Su #tuttoPIOMBINO di Qui News Val di Cornia "Le panchine di piazza Dante" di Gordiano Lupi

Foto di Riccardo Marchionni

Piazza Dante e le sue rotonde panchine di marmo, che non son panchine ma basamenti per lampioni dove per puro caso capitava di poter sedere. Quante notti d’estate ho passato protetto dal calore soffuso delle loro luci, tra insetti e falene, coleotteri e formiche alate! 

Mio nonno amava le scomode panchine, forse per la rotonda illuminata, forse perché da un lato della piazza si scorgeva una flebile luce lontana. Finiva che la pretura illuminava l’altoforno mentre la fabbrica rifletteva luci e scintille fin dentro la città, ché in via Fucini un tempo sorgeva il tribunale e dalla parte opposta, poco oltre via Torino, vedevi le case proletarie di via Gobetti, povero palcoscenico dove si esibiva il fumo rosso della colata continua d’un magico altoforno che dispensava tramonti e lavoro. 

Passo da piazza Dante e ricordo un autunno di troppi anni fa, vedo un bambino con la cartella in mano, rimpiango le tante illusioni, la tempesta di speranze, i sogni che lasciavano spazio ad altri sogni. Niente è come prima, in questo futuro che è già passato e non ce ne siamo neppure accorti, forse soltanto i tigli e gli oleandri conservano il profumo di certe notti estive, dei tempi in cui un uomo passeggiava sulla luna e credeva di cambiare il mondo. Forse solo la panchina sbrecciata e il basamento futurista che sosteneva un lampione, caduto come le speranze, conserva il calore dei racconti dispensati al tramonto del sole. 

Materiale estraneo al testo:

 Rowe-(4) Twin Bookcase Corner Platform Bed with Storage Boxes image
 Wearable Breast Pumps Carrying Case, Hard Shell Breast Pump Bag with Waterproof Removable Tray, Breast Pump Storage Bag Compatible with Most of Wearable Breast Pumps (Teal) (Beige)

Passare da piazza Dante, ancora oggi, vedere una vecchia scuola stile liberty, i cancelli ossidati, i pinnacoli di cemento, le inferriate, sentire le voci dei bambini, un profumo di schiaccia, di bomboloni caldi, di bocche di leone. Vedere come in un vecchio film in bianco e nero, in dissolvenza - ma è lo stemperarsi della tua vita, non un effetto cinematografico -, un piccolo fantasma vestito di nero con un fiocco azzurro e la cartella in mano, mentre un vecchio cantastorie racconta la solita fiaba che riscalda il cuore. Dimmela ancora, nonno! Vorresti dire. Ma non puoi.